Design by Ashley Meadows

Ideation, the process of coming up with business ideas and concepts, is critical to the success of your business; however, brainstorming is a bit of an art form. In a perfect world, a group of highly motivated people can sit down and bounce ideas off each other until one brilliant plan is revealed. In the real world, brainstorming sessions often backslide into disagreements and doubt. Or worse, no one offers any ideas, and the group fails to make any decisions.

Running a Brainstorming Session

It takes some preparation to pull off an effective brainstorming session where collaboration and teamwork result in fantastic ideas. Follow these tips:

1. Have an end goal in mind.

You must have a specific reason for meeting and be able to clarify that to anyone who participates in the session. If you want to brainstorm a business idea or a new direction for the company, this may be a much loftier task that requires multiple meetings. If you’re looking to improve your business in some way, be specific on how you want to do that. For example, brainstorming how to "increase sales" is too broad and vague. Brainstorming how to "increase sales in December without adjusting our marketing budget" is much more specific and increases the chances that you'll receive workable ideas.

2. Prepare to brainstorm.

Some people can fly by the seat of their pants when it comes to generating ideas. Some of the best ideas will come organically, in unexpected bursts or sudden moments of clarity. Others will need time and brainpower to develop. Schedule the meeting and route the agenda at least one week prior to the session. Tell people exactly what you will be discussing, and ask them to come prepared to share ideas and research they've conducted.

3. Establish rules.

By design, brainstorming sessions are meant to be free-flowing without a lot of structure.
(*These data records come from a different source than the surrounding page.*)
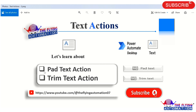Let's understand first what is the meaning of pad text and trim text. Pad text is used to add white space, word, or phrases before or after a text value. And trim text is used to remove white spaces from a text string — from the beginning, the end, or both.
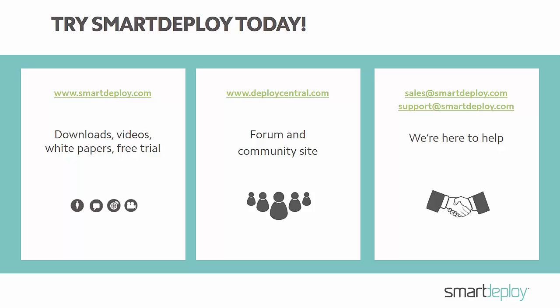Please register for the next live demo or learn more at SmartDeploy.com or DeployCentral.com. Please contact Sales at SmartDeploy.com or give us a call at 888-7-DEPLOY for additional information.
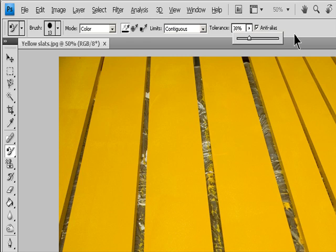To define a smooth edge in the corrected areas, select Anti-Aliased.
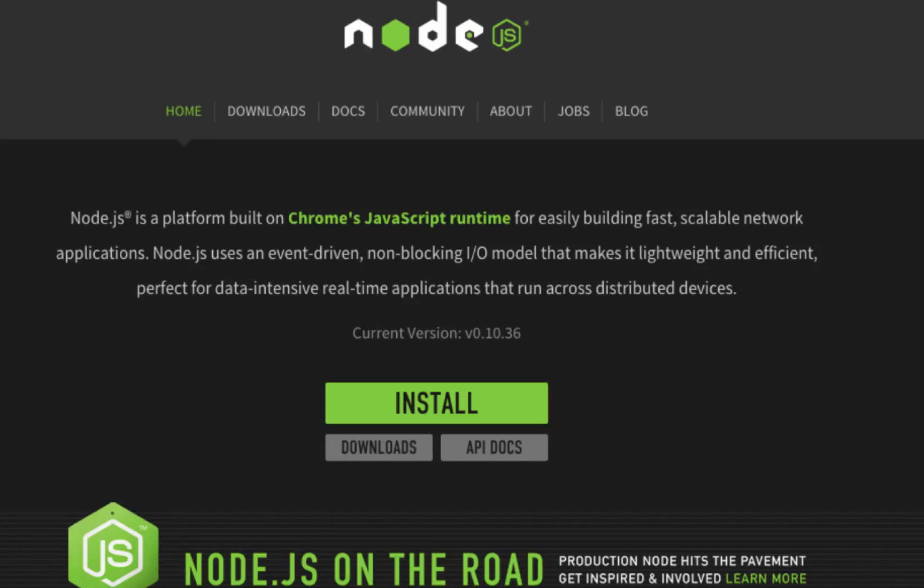Welcome to this tutorial on npm. We'll learn about what npm is, the different commands present in npm, and how you can manage packages and dependencies using npm. Let's get started.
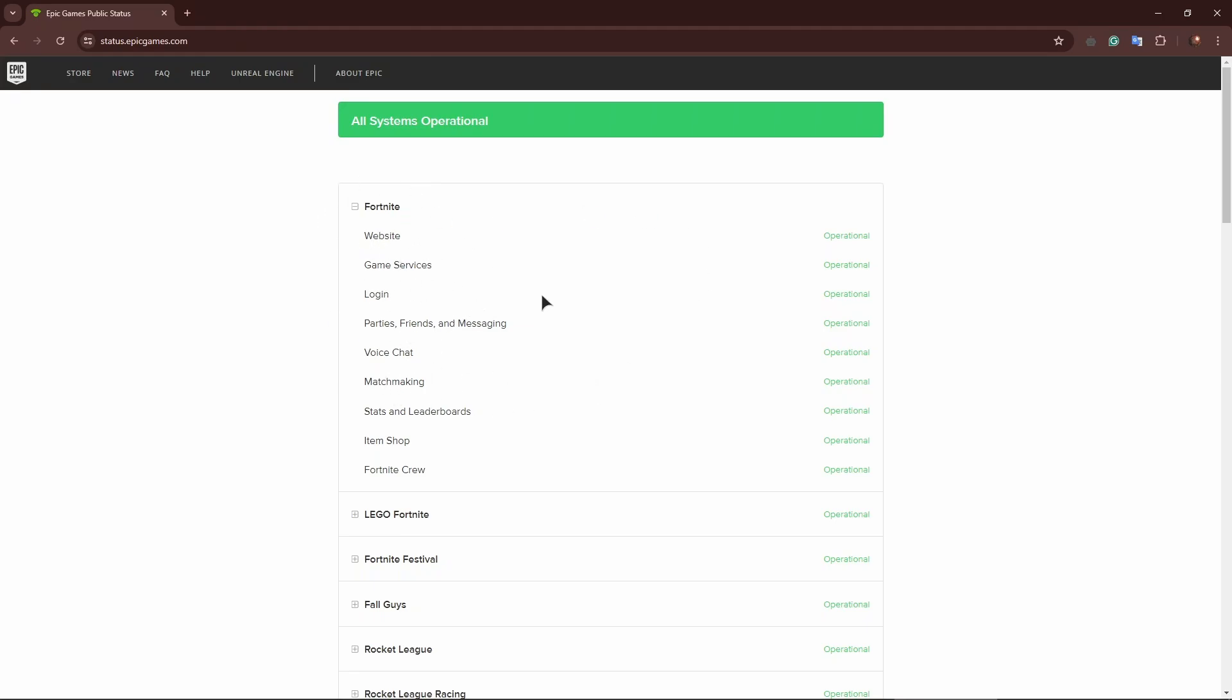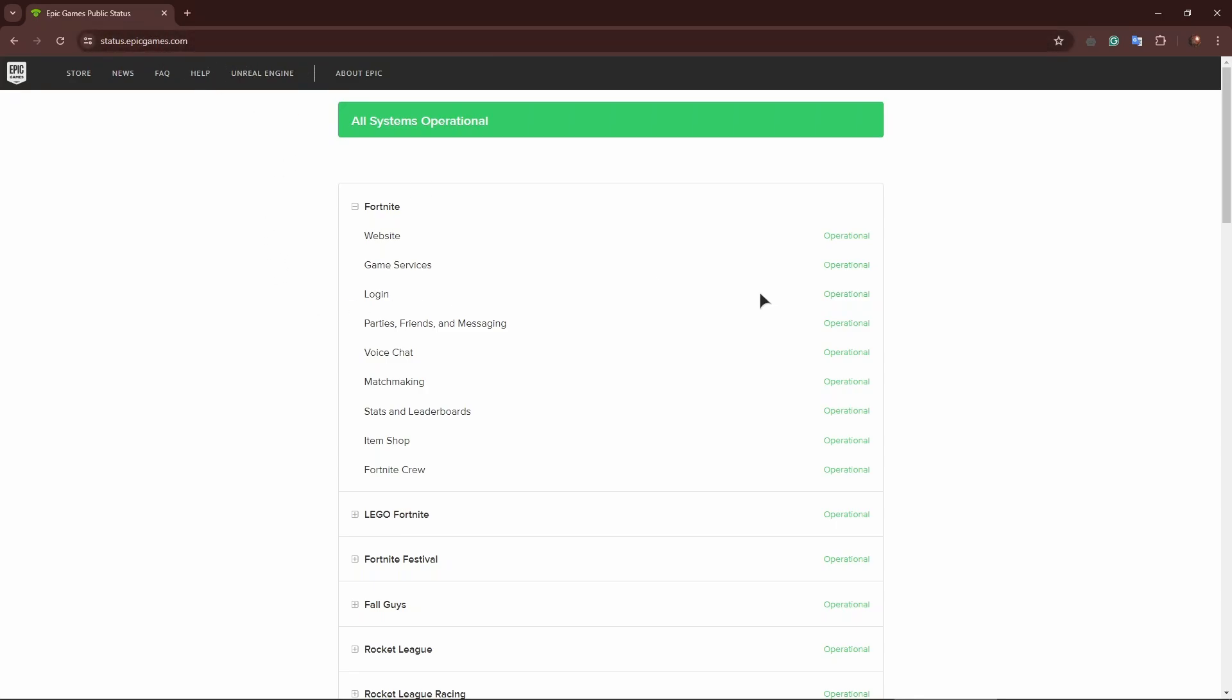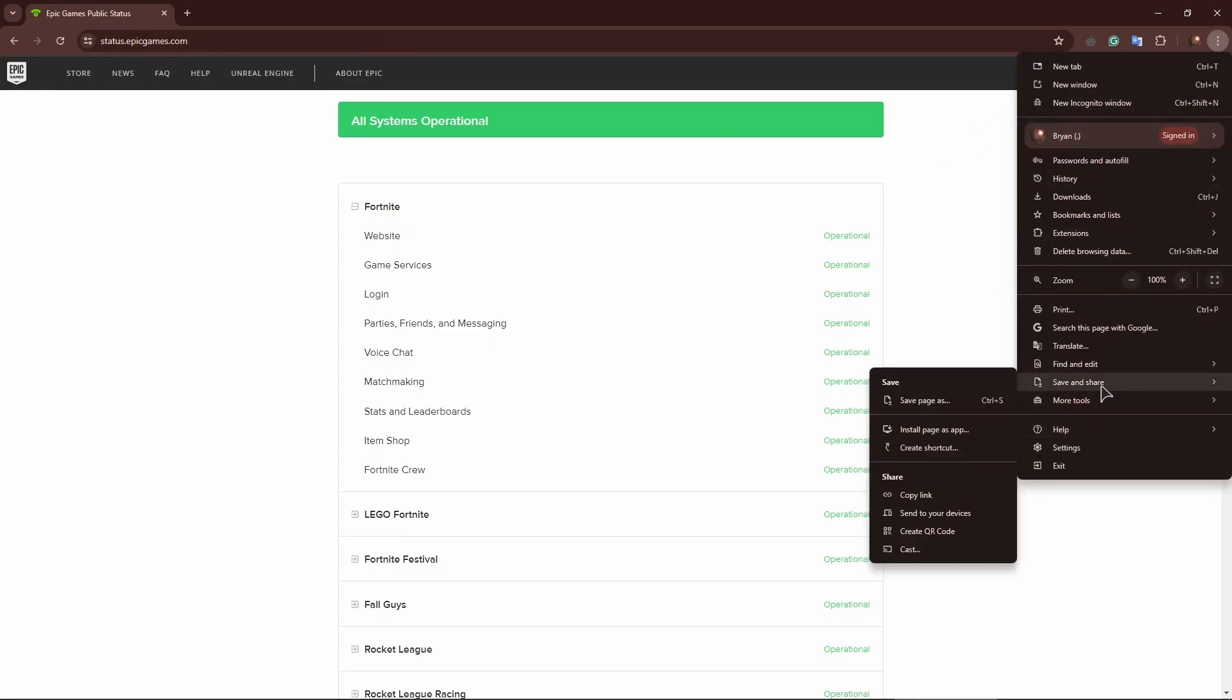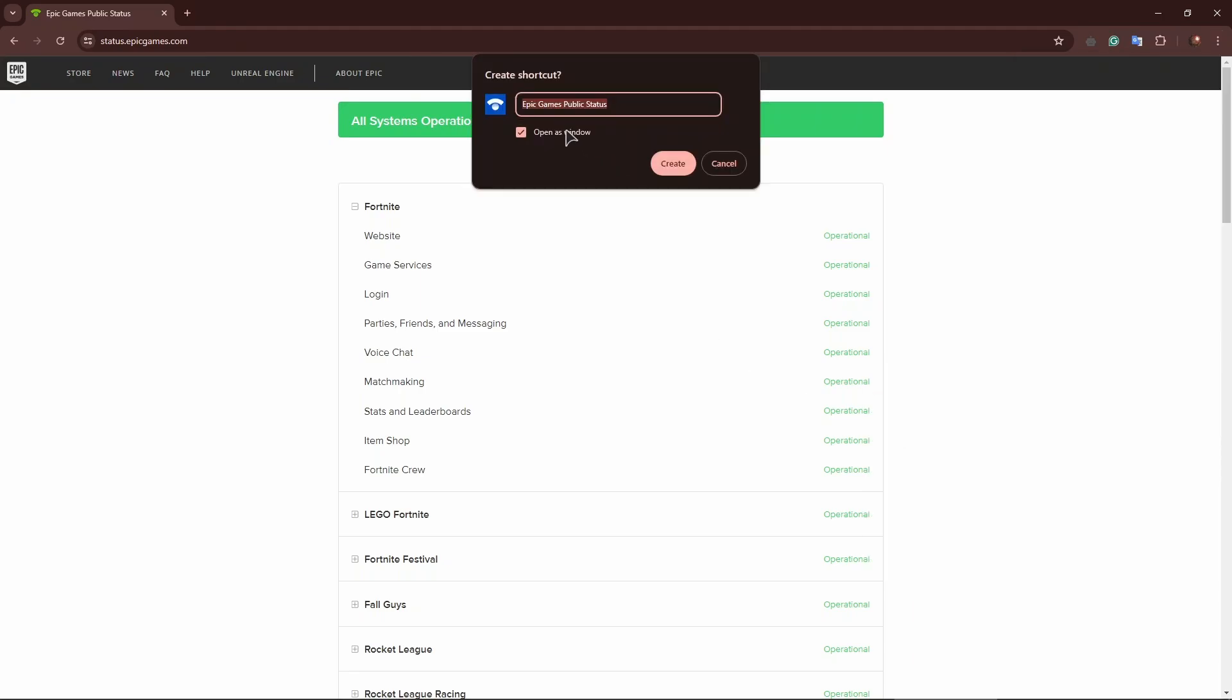Just go to three dots - I'm using Chrome - go to three dots, save and share, create shortcut, open as window. Create this small window and you can just launch it from your taskbar or from your desktop, and you can easily and quickly open this website the next time you need to check on the availability of the service.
However, ground rules can help keep you from losing focus. Some rules to live by:

  • People must speak one at a time. No talking over one another, and no side conversations.
  • Offer everyone an opportunity to share feedback. One or two people can't dominate the discussion.
  • Encourage unusual ideas. Even the outrageous ones, when tweaked, can lead to great ideas.
  • Accept all questions. There are no dumb ones.

4. Come up with a vetting strategy.

A great way to make sure an idea is fruitful is to come up with a vetting process. Allow people to ask questions that analyze the feasibility and value of the idea. For example:

  • What problem does this solve?
  • Are there examples of others successfully executing this?
  • Can we compete with those who already do this?
  • Can this be executed in the designated amount of time?
  • Can this be executed within the designated budget?
  • What resources do we need for this idea?
  • Is this idea risky? If so, is the reward worth the risk?

5. Include varying perspectives.

It's no doubt that your team can brainstorm and have great success. However, if your brainstorming sessions are lackluster, you may need to shake things up a bit. For example, invite someone from customer service to your marketing meeting. When coming up with new products or business ideas, inviting a customer, vendor or partner can offer great insight. Even friends or family members can offer ideas, concerns or feedback from the perspective of a regular consumer that your group may have never considered.

6. Stay focused.

When ideas are flying, people can quickly go off on a tangent. If the conversation veers off-track, bring the group back to the reason for your meeting. Say: "I'm impressed by all of these ideas, but today, let's focus on the task at hand. How do we increase sales this month on the budget we have already set?"

Mediums for Ideation

If you feel you have the process down, but you're not sure how to get the ideas flowing, here are three popular brainstorming techniques:

Mind mapping.

A mind map offers you a way to get all of your ideas out of your head and onto paper. All you need is a large sheet of paper or a whiteboard and various colored pens or markers. In the center of the paper/whiteboard, draw a picture that represents the topic of your meeting. Then draw lines radiating out from the center image to words, phrases or images that represent your key concepts. From those words or images, draw lines out to subtopics. You'll gain a visual snapshot of everything the team is thinking. From there, you can begin to shape and mold the ideas. Mindmapping.com offers tons of information on the technique, or check out this free online mind-mapping tool MindMeister.

Free writing.

One of the simplest brainstorming tools, free writing allows you and other participants to dump all of your ideas onto paper before you begin discussions. Set a timer for 10 to 20 minutes and hand participants a piece of paper. Instruct them to write down everything they can think of regarding the topic. Tell everyone to write for the full length of time without stopping to review or edit what they have written. When time is up, go around the room and ask everyone to share an idea. Continue doing so until you have something you can work with.

Cubing.

Examine the topic from six different angles by asking: "What is it like?" (Description); "What is it similar to or different from?" (Comparison); "What does it make you think of?" (Association); "How is it made or what is it composed of?" (Analysis); and "How is it used or what can you do with it?" (Application). Spend just 3 to 5 minutes on each side of the cube, then analyze the data for emerging patterns or unique elements and develop your idea based on those.